Luego del ataque que terminó con la vida del líder supremo, Ali Jameneí, y del general Mohamad Pakpur, el gobierno de Irán oficializó la designación de Ahmad Vahidi como el nuevo comandante en jefe de la Guardia Revolucionaria Islámica. Vahidi, quien ya había ocupado cargos de relevancia en la administración de Teherán, asume el mando en un clima de máxima tensión militar y política.
Sin embargo, el nombramiento de Vahidi trasciende la frontera iraní y genera una inmediata reacción en el Cono Sur. El nuevo jefe militar es un nombre clave para la justicia argentina, ya que se encuentra prófugo y está acusado de participar activamente en la planificación del atentado a la AMIA en 1994, donde fueron asesinadas 85 personas.
Sobre él pesa un pedido de captura internacional de Interpol desde el año 2007, derivado de las gestiones judiciales realizadas desde Argentina para esclarecer la conexión iraní en el ataque a la mutual judía.

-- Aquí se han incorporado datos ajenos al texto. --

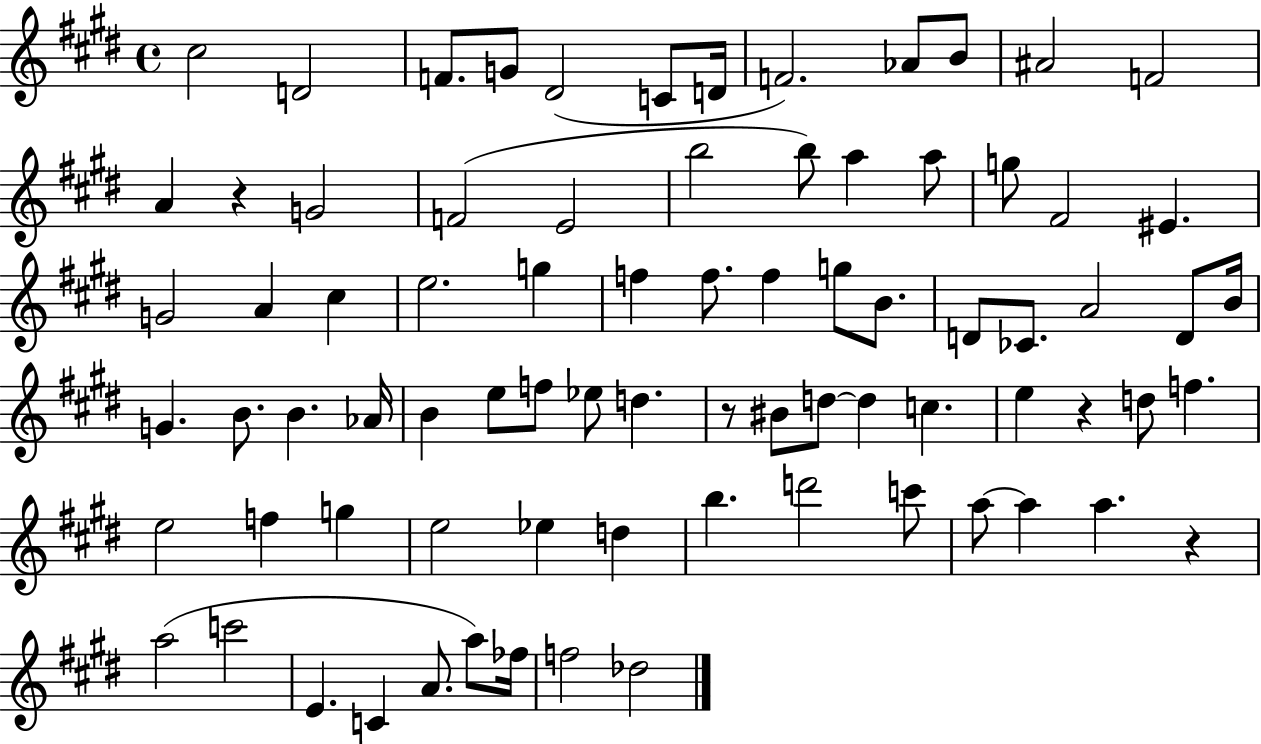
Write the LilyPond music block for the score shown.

{
  \clef treble
  \time 4/4
  \defaultTimeSignature
  \key e \major
  cis''2 d'2 | f'8. g'8 dis'2( c'8 d'16 | f'2.) aes'8 b'8 | ais'2 f'2 | \break a'4 r4 g'2 | f'2( e'2 | b''2 b''8) a''4 a''8 | g''8 fis'2 eis'4. | \break g'2 a'4 cis''4 | e''2. g''4 | f''4 f''8. f''4 g''8 b'8. | d'8 ces'8. a'2 d'8 b'16 | \break g'4. b'8. b'4. aes'16 | b'4 e''8 f''8 ees''8 d''4. | r8 bis'8 d''8~~ d''4 c''4. | e''4 r4 d''8 f''4. | \break e''2 f''4 g''4 | e''2 ees''4 d''4 | b''4. d'''2 c'''8 | a''8~~ a''4 a''4. r4 | \break a''2( c'''2 | e'4. c'4 a'8. a''8) fes''16 | f''2 des''2 | \bar "|."
}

El historial de Ahmad Vahidi y su vínculo con el atentado a la AMIA
La trayectoria de Vahidi dentro de la estructura de poder iraní ha estado marcada por su liderazgo en las fuerzas Al-Quds, una unidad de élite de la Guardia Revolucionaria encargada de operaciones internacionales, la cual comandó entre 1988 y 1998. Fue precisamente durante este periodo cuando, según las investigaciones judiciales, participó en actividades terroristas globales, incluyendo la logística del ataque contra el centro comunitario en Buenos Aires el 18 de julio de 1994. En aquel entonces, Vahidi ya ostentaba el rango de general y poseía un rol preponderante en la toma de decisiones militares del régimen.
Su ascenso político posterior no hizo más que reforzar su posición de protección estatal. Vahidi se desempeñó como ministro de Defensa entre 2009 y 2013, coincidiendo con el periodo en que el presidente Mahmoud Ahmadinejad firmó el polémico memorándum de entendimiento con el gobierno de Cristina Kirchner. Asimismo, entre agosto de 2021 y agosto de 2024, ejerció como ministro del Interior, consolidando su estatus dentro de la cúpula de seguridad iraní a pesar de las constantes denuncias internacionales y las sanciones impuestas por países como Estados Unidos.

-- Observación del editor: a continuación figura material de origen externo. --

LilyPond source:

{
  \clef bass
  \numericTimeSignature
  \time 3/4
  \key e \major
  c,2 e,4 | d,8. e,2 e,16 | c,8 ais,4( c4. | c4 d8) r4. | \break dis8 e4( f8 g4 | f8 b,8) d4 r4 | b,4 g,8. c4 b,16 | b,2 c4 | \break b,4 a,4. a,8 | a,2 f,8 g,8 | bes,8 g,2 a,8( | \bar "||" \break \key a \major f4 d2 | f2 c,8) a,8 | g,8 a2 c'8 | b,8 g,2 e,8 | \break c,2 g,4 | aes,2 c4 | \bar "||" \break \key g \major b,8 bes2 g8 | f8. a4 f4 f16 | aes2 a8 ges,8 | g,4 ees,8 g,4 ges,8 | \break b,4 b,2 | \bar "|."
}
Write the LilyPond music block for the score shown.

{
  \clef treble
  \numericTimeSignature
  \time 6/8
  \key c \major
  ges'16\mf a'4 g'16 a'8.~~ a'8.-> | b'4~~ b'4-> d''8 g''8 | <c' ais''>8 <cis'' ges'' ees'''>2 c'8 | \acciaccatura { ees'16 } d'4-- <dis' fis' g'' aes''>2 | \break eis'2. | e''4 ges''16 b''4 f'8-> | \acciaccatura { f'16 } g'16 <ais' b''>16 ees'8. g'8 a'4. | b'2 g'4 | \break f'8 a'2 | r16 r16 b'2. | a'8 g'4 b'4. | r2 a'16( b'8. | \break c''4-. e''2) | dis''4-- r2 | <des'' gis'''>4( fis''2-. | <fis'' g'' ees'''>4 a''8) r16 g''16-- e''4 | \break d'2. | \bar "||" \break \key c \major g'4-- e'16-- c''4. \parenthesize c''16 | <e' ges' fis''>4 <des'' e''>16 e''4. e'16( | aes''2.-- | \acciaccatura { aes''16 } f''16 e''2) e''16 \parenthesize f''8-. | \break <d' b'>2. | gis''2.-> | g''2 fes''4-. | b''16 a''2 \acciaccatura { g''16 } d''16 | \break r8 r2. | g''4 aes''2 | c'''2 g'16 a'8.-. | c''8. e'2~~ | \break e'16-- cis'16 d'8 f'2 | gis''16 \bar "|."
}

Incidentes diplomáticos en la región y la "lista negra" de Interpol
La presencia de Vahidi en el plano internacional ha provocado múltiples roces diplomáticos, especialmente en América Latina. En junio de 2011, su visita a Bolivia generó una crisis con Argentina después de que el funcionario participara en actos oficiales junto al entonces presidente Evo Morales. El incidente derivó en una queja formal y la posterior expulsión de Vahidi de territorio boliviano, tras la interpelación del fiscal Alberto Nisman. En aquel momento, la cancillería boliviana debió emitir una carta de disculpas calificando el hecho como un "grave incidente".

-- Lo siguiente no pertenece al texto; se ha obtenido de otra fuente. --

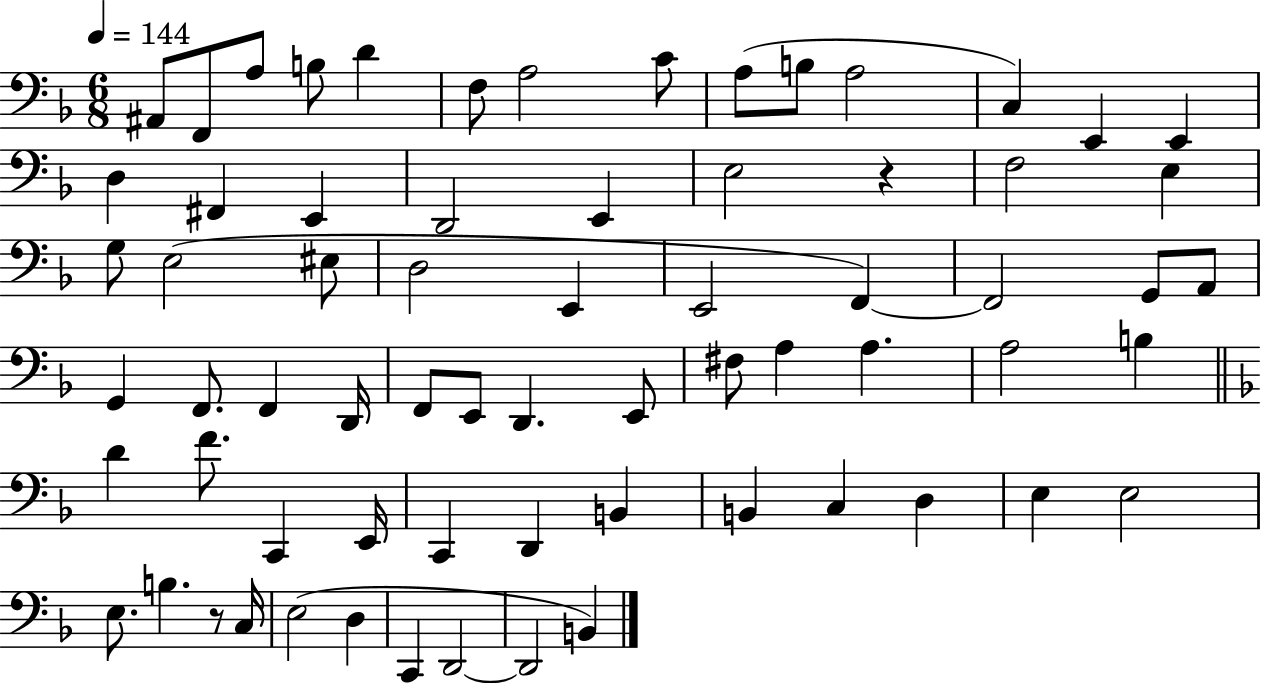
{
  \clef bass
  \numericTimeSignature
  \time 6/8
  \key f \major
  \tempo 4 = 144
  ais,8 f,8 a8 b8 d'4 | f8 a2 c'8 | a8( b8 a2 | c4) e,4 e,4 | \break d4 fis,4 e,4 | d,2 e,4 | e2 r4 | f2 e4 | \break g8 e2( eis8 | d2 e,4 | e,2 f,4~~) | f,2 g,8 a,8 | \break g,4 f,8. f,4 d,16 | f,8 e,8 d,4. e,8 | fis8 a4 a4. | a2 b4 | \break \bar "||" \break \key f \major d'4 f'8. c,4 e,16 | c,4 d,4 b,4 | b,4 c4 d4 | e4 e2 | \break e8. b4. r8 c16 | e2( d4 | c,4 d,2~~ | d,2 b,4) | \break \bar "|."
}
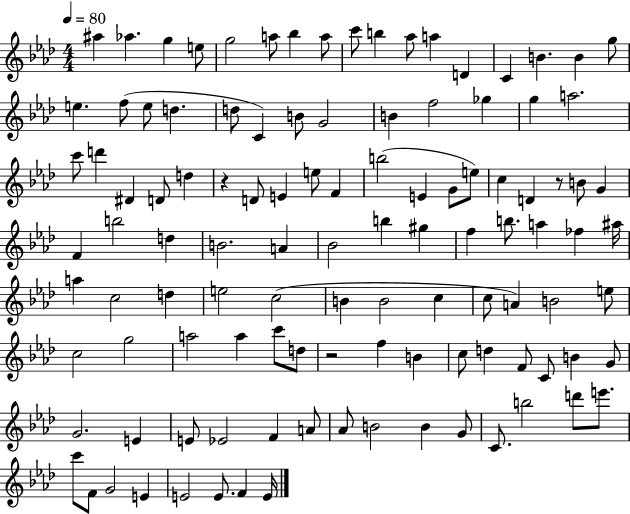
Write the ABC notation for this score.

X:1
T:Untitled
M:4/4
L:1/4
K:Ab
^a _a g e/2 g2 a/2 _b a/2 c'/2 b _a/2 a D C B B g/2 e f/2 e/2 d d/2 C B/2 G2 B f2 _g g a2 c'/2 d' ^D D/2 d z D/2 E e/2 F b2 E G/2 e/2 c D z/2 B/2 G F b2 d B2 A _B2 b ^g f b/2 a _f ^a/4 a c2 d e2 c2 B B2 c c/2 A B2 e/2 c2 g2 a2 a c'/2 d/2 z2 f B c/2 d F/2 C/2 B G/2 G2 E E/2 _E2 F A/2 _A/2 B2 B G/2 C/2 b2 d'/2 e'/2 c'/2 F/2 G2 E E2 E/2 F E/4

Además de las alertas rojas de Interpol, Vahidi fue incluido en 2010 en la "lista negra" del gobierno de Barack Obama, bajo cargos de colaborar en el financiamiento de programas nucleares y evadir sanciones internacionales. Su designación actual como comandante en jefe lo sitúa nuevamente en el centro del grupo de acusados por la justicia argentina, junto a figuras como el exministro Ali Fallahijan y el exconsejero cultural Mohsen Rabbani, reafirmando el desafío del régimen teocrático hacia los reclamos de justicia internacional por la masacre de la AMIA.